YOUR OBJECTIVE:
Among the entries below, only the lines starting at the one with "Unstitched Printed Lawn" and ending at the one with "#01.00 - 10", both included, are to be printed exactly.

DATA IN THIS EXERCISE:
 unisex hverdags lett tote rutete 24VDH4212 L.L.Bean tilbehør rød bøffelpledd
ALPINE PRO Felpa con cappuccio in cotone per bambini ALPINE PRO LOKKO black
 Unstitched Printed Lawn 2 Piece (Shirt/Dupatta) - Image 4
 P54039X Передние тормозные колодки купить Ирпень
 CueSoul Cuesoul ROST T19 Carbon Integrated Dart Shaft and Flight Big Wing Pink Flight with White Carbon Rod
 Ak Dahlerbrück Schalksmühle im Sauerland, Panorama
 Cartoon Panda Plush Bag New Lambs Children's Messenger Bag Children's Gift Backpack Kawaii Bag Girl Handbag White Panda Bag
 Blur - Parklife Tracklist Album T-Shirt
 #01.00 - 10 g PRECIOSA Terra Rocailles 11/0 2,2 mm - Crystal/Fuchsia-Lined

--

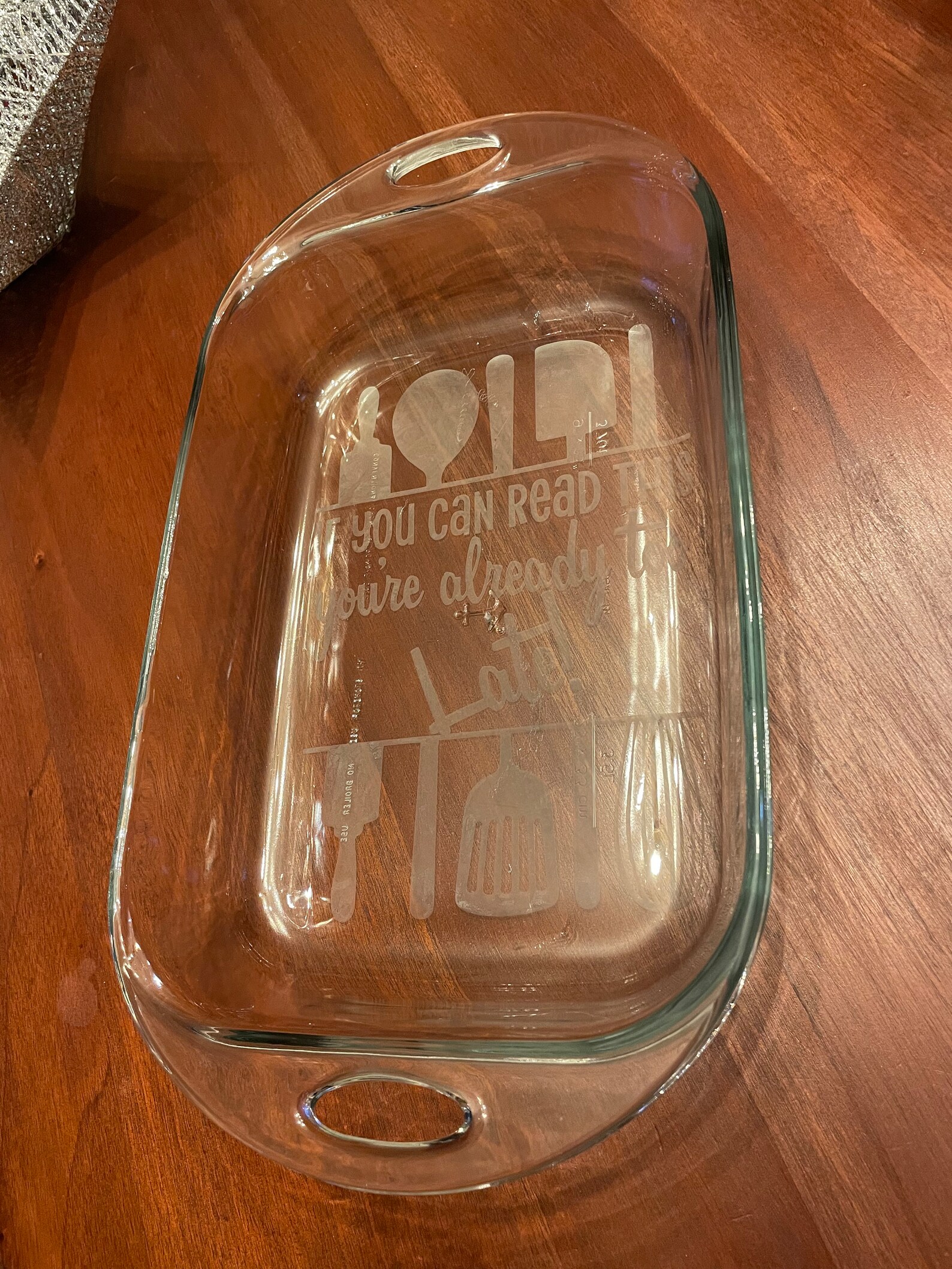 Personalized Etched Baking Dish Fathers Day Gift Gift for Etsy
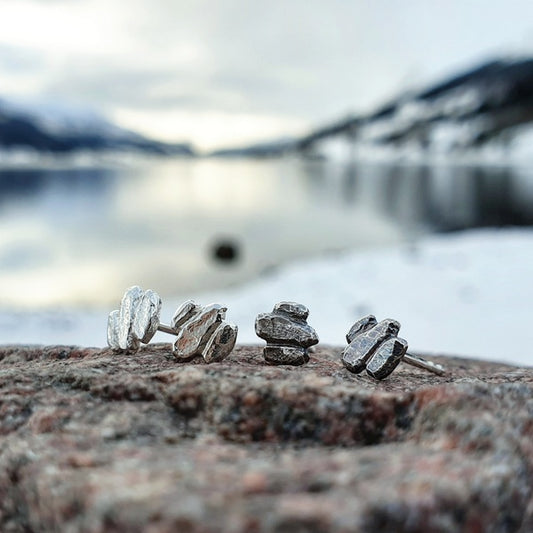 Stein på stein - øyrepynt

* * *

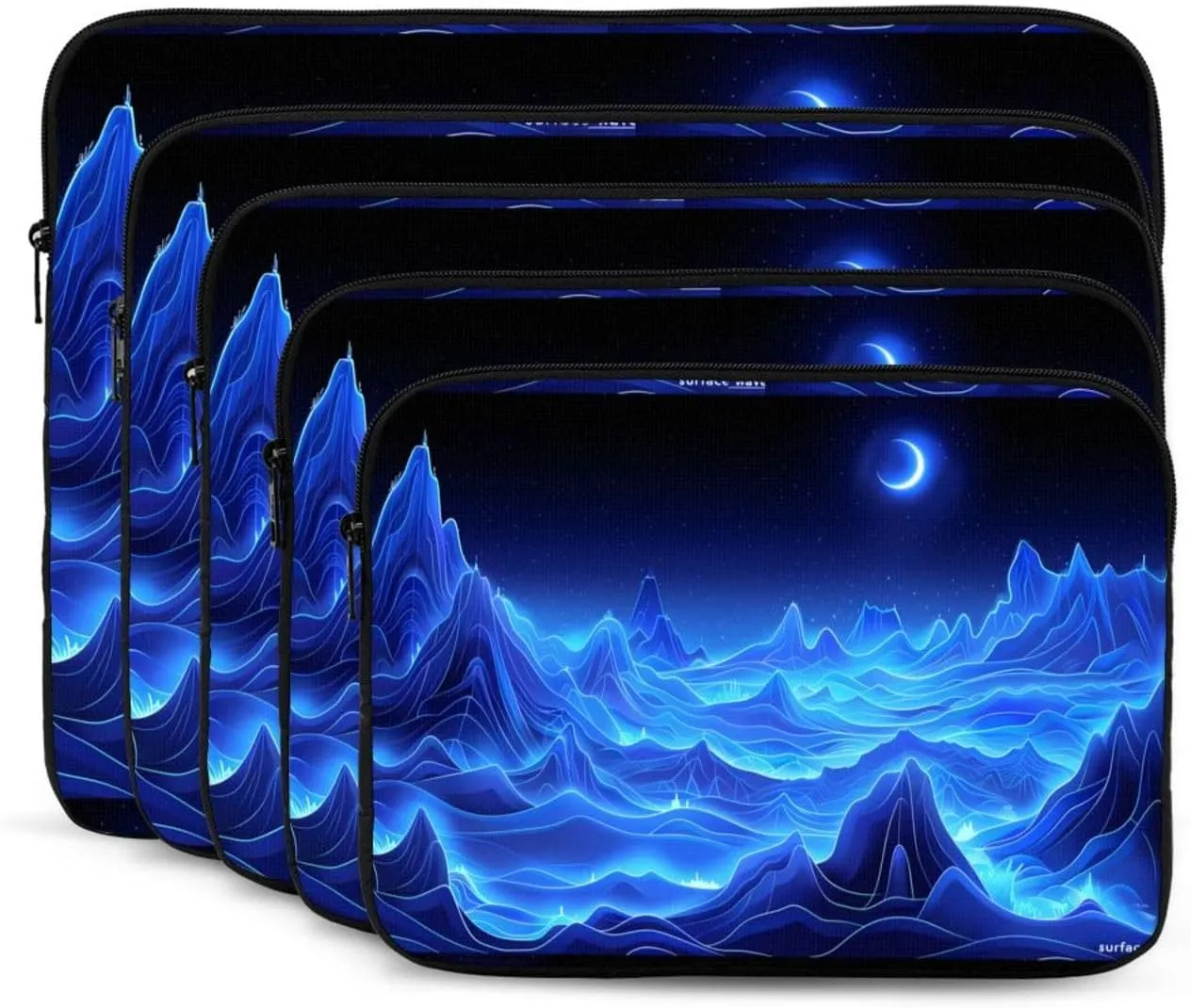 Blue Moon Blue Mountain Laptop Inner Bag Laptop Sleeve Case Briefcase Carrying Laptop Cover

EXERCISE SOLUTION:
 Unstitched Printed Lawn 2 Piece (Shirt/Dupatta) - Image 4
 P54039X Передние тормозные колодки купить Ирпень
 CueSoul Cuesoul ROST T19 Carbon Integrated Dart Shaft and Flight Big Wing Pink Flight with White Carbon Rod
 Ak Dahlerbrück Schalksmühle im Sauerland, Panorama
 Cartoon Panda Plush Bag New Lambs Children's Messenger Bag Children's Gift Backpack Kawaii Bag Girl Handbag White Panda Bag
 Blur - Parklife Tracklist Album T-Shirt
 #01.00 - 10 g PRECIOSA Terra Rocailles 11/0 2,2 mm - Crystal/Fuchsia-Lined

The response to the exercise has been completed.